Ce début de millénaire active de nouvelles « indisciplines » unissant arts visuels, arts médiatiques, art action et théorie de l’art. Les technologies numériques en particulier décuplent l’inventivité et les zones-laboratoires entre images, son et textes. Imbriquée parmi l’actuelle culture généralisée des images-écrans, la photographie d’art y oscille entre « réalifictions »2, sculptures photographiques3 et narrativités scénarisées4 pour lesquelles le cadrage et la prise de vues cèdent le pas au montage en postproduction5. On est passé de la chambre noire à l’écran de l’ordinateur.
Hybridité et mystère
À la croisée des genres et des disciplines (photographie, vidéographie, installation et performance), les stupéfiantes images d’Annie Baillargeon font éclore une gestuelle formelle chorégraphiée et des coloris luxuriants par la démultiplication du corps/image de l’artiste en suspension. Son travail récent s’inscrit dans la trame des nouvelles narrativités photographiques.
Ses créations poursuivent la longue lignée des retouches, des photomontages et maintenant des effets virtuels calculés par logiciels interposés. La scénarisation de ces grandes images bidimensionnelles appartient plus à la culture visuelle « ciné » (vidéo et cinéma) et aux mouvances de l’art performance et autres manœuvres qu’aux récits.
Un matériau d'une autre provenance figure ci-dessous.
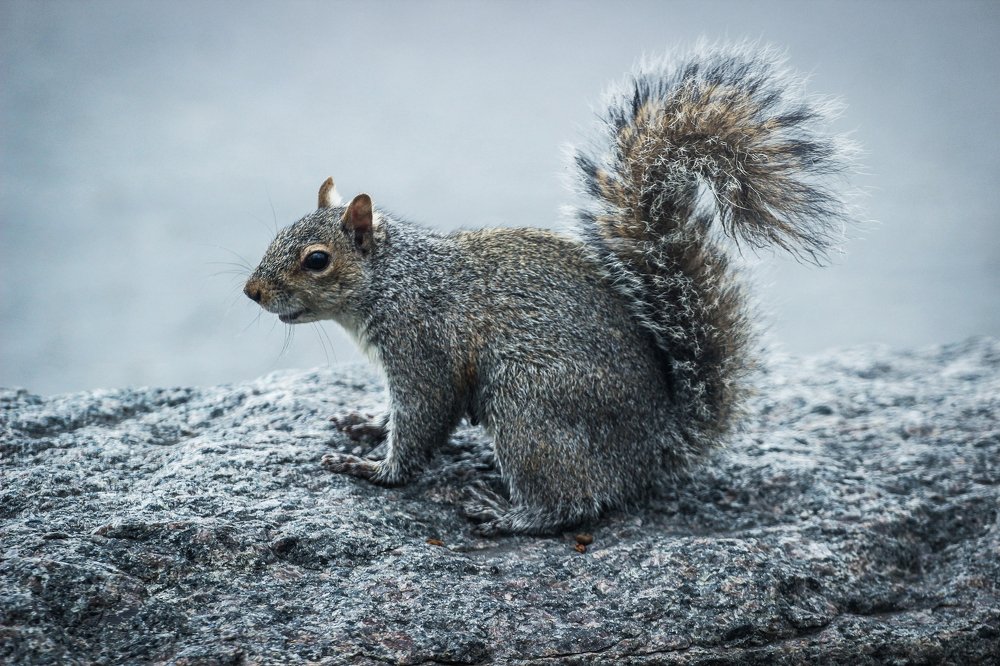 Белка в Бостоне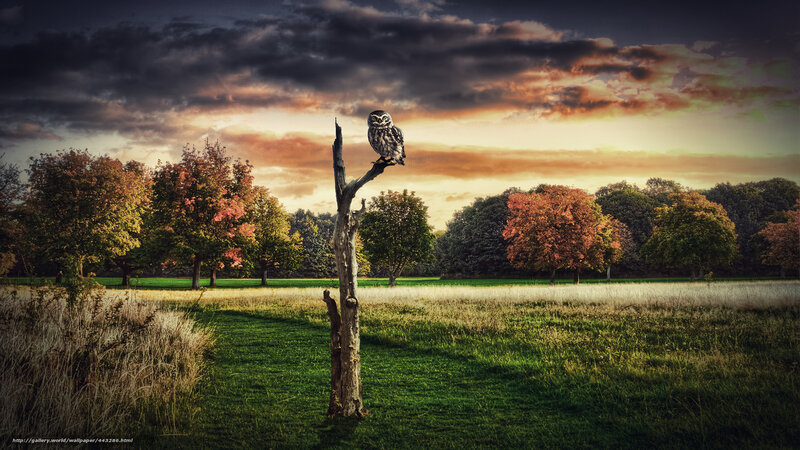 Owl on a Dead Tree — Green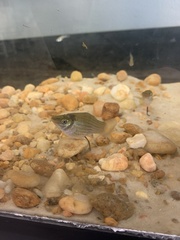 Poecilia latipinna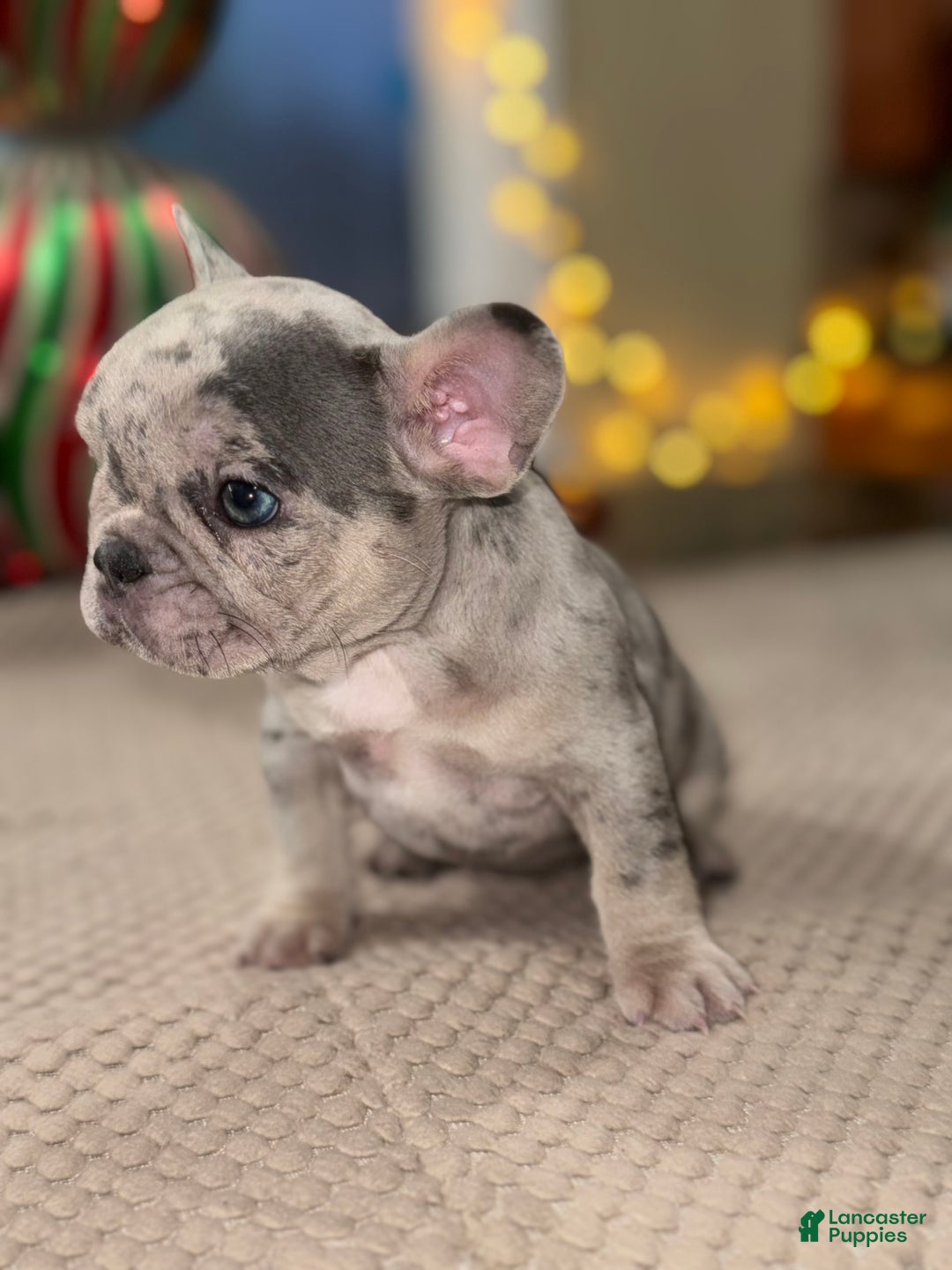 French Bulldog dogs for sale:  Skittles - Ad 1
Par un tel mixte du code visuel propre à l’art action qui sied bien à un imaginaire stigmatisé par le mystère, l’artiste revisite de manière hypermoderne le vénérable genre de l’allégorie.
De l’art action
D’une part, la genèse de chacune des œuvres photographiques d’Annie Baillargeon fait appel à des séances de pose, à des « shootings » dont elle est la matrice comme « actrice ». Ce procédé renoue avec la plateforme initiale des rapports entre photographie et art action, alors que des performeurs comme les Actionnistes viennois (Nitsch, Schwarzkogler, Mühl) flirtaient avec les possibilités expérimentales (et d’analyse) qu’offre la captation photographique de performances avec ou sans public6.
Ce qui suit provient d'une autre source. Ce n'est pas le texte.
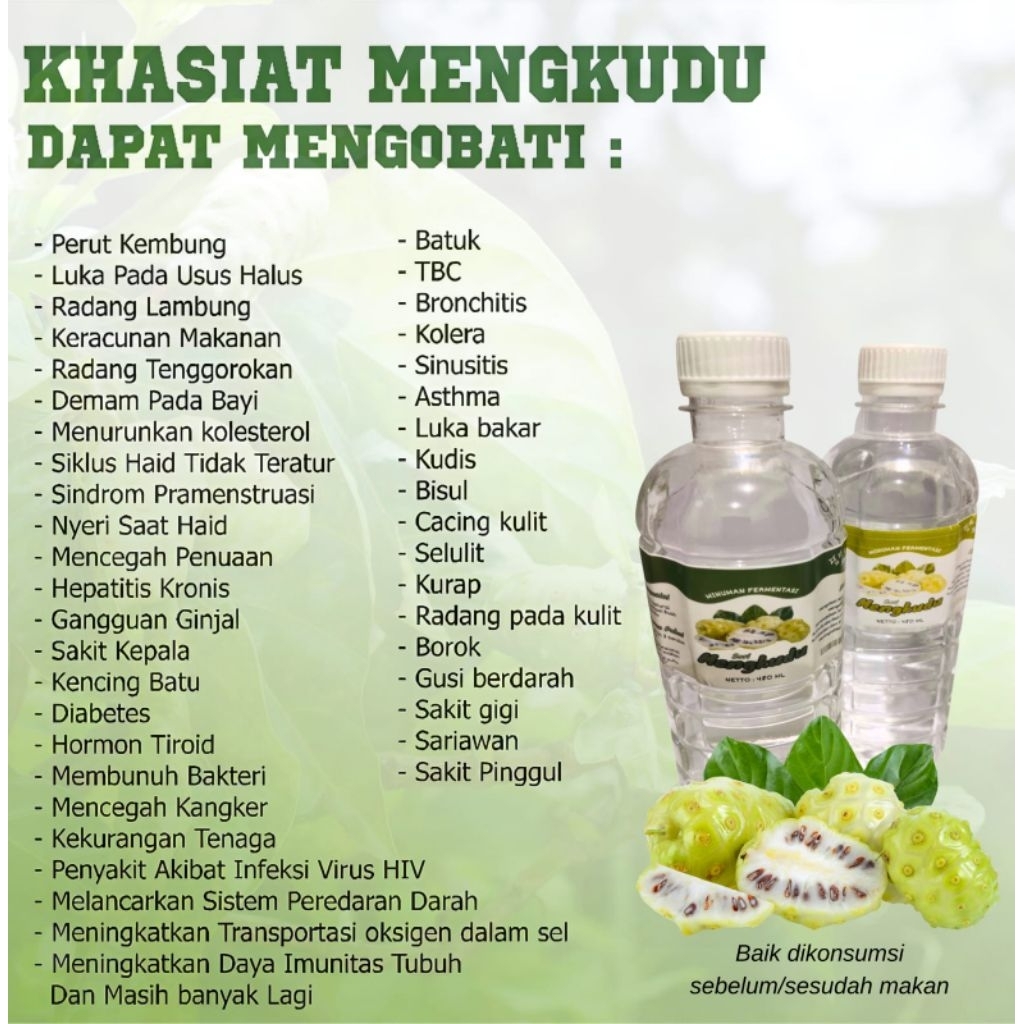Fermentasi cuka buah mengkudu 480ml
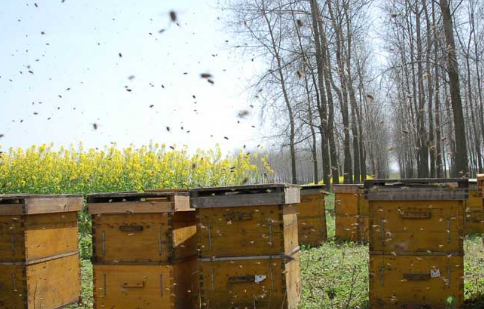 重庆：养蜂专家为养殖户传授中蜂养殖技术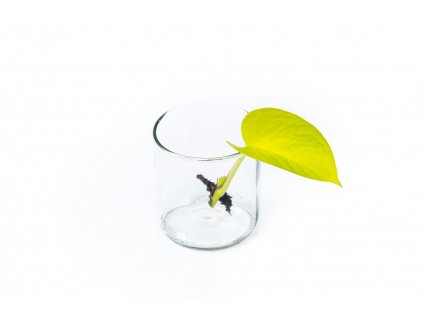 36438 epipremnum neon golden potos rizek k zakoreneni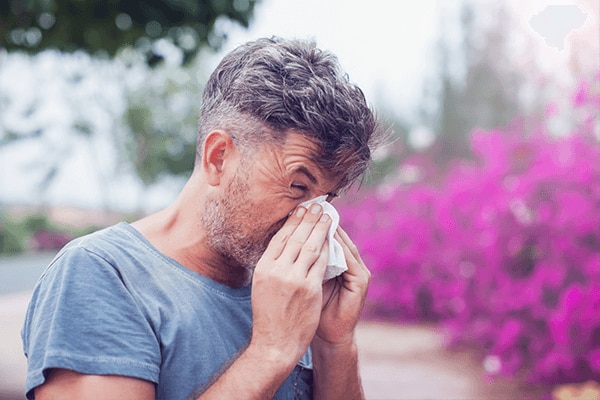 Allergies and sleep apnea: Are hay fever or allergies affecting your CPAP use?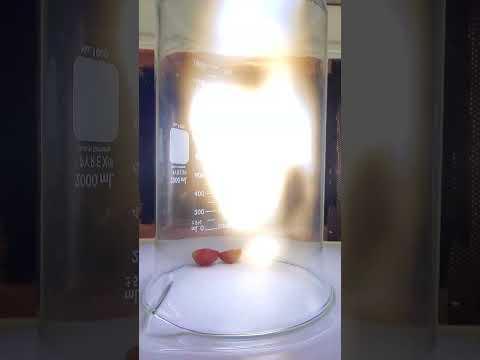 grape in a 20,000 watt microwave #science #experiment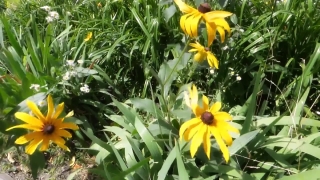 Vascular Plant, Plant, Herb, Flower, Sunflower, Yellow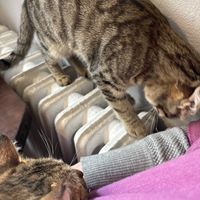   at Ayrışım Kitabevi Kafe in Istanbul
D’autre part, ses grands tirages déploient des espaces incertains de monstration en des mosaïques du corps-matériau de l’artiste, élément parmi d’autres qui définit l’art de la performance7. « Annie B et ses clones variables » s’y déplacent en fragments, comme des poussières d’étoile, en une sorte de film d’animation dont elle est chaque fois la protagoniste. Ce corps démultiplié d’Annie Baillargeon fragmente des performances visuelles chorégraphiées et non des pictogrammes, des calligraphies ou autres écritures, mais des personnages pour une seule image, hors de toute linéarité narrative comme dans une bédé ou un photo-roman, par exemple.
Mais, du regard, comment déchiffrer les attitudes sous les formes? Surtout qu’ici, perruques, cagoules, masques, costumes, armes, fleurs et autres camouflages habillent et enrobent une narrativité photographique qui se veut tout le contraire de la haute définition technologique et de son hyperréalisme virtuel.
L’allégorie revampée ?
Le mystère flotte dans ces agencements photographiques dont l’artiste est la matière et le personnage aux identités multiples. Ses images acquérant une capacité d’élargir le potentiel de l’infiniment étrange, la photographe dématérialise sans lieu précis : il n’y a pas de repère spatial, temporel, réel ou littéraire dans ses photomontages. En ressort cette « impression d’assister à des petits rites étranges qui combinent violence et séduction ».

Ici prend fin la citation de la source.